I am familiar with the Summation Formulas. I am having difficulty applying them to Σ (1/(k^2 +1)), k, 1, 5).
By "the Summation Formulas", I will guess that you mean that your book has provided you with some basic and common summation results, such as:
. . . . .\(\displaystyle \displaystyle{ \sum_{i\, =\, 1}^n\, c\, =\, cn }\)
. . . . .\(\displaystyle \displaystyle{ \sum_{i\, =\, 1}^n\, i\, =\, }\) \(\displaystyle \dfrac{n\,(n\, +\, 1)}{2}\)
. . . . .\(\displaystyle \displaystyle{ \sum_{i\, =\, 1}^n\, i^2\, =\, }\) \(\displaystyle \dfrac{n\, (n\, +\, 1)\,(2n\, +\, 1)}{6}\)
. . . . .\(\displaystyle \displaystyle{ \sum_{i\, =\, 1}^n\, i^3\, =\, }\) \(\displaystyle \dfrac{n^2\, (n\, +\, 1)^2}{4}\)
The left-hand side of each equality above is in "summation" notation; the right-hand side of each equality above is in the "closed" form. In other words, you'd have to plug in each value of "i", evaluate, and simplify to find each term's value, and then sum to find the summation value, for the left-hand side. For the right-hand side, you'd only have to plug in the final value of the counter.
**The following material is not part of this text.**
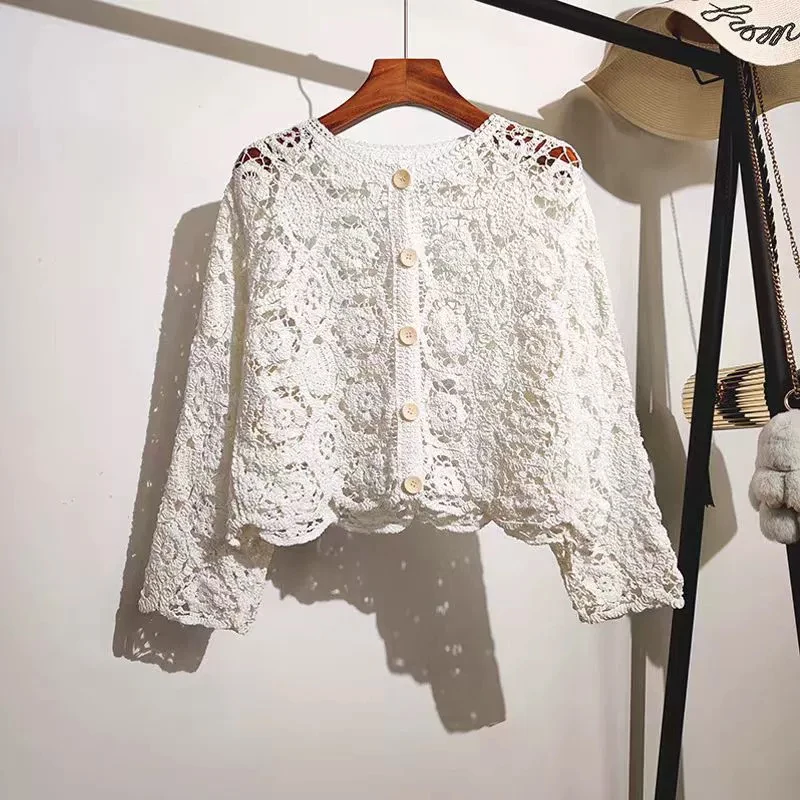 Wakacyjna bluzka szydełkowa z długim rękawem — cover up boho Biały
By "Σ (1/(k^2 +1)), k, 1, 5)", I will guess that you are needing to find the sum, from k = 1 to k = 5, of the fractional expression, so the summation is as follows:
. . . . .\(\displaystyle \displaystyle{ \sum_{k\, =\, 1}^5\, }\) \(\displaystyle \,\dfrac{1}{k^2\, +\, 1}\)
By "applying [the Summation Formulas]", I will guess that you are being expected to express the given summation in terms of the closed-form expressions you have been provided. However, none of the formulas I've displayed above would apply to what you've posted. Please reply with all of the summation formulas they've given you, so we can see which one(s) might apply apply.
When you reply, please include any corrections of my assumptions (stated above), along with a clear listing of your efforts so far. Thank you!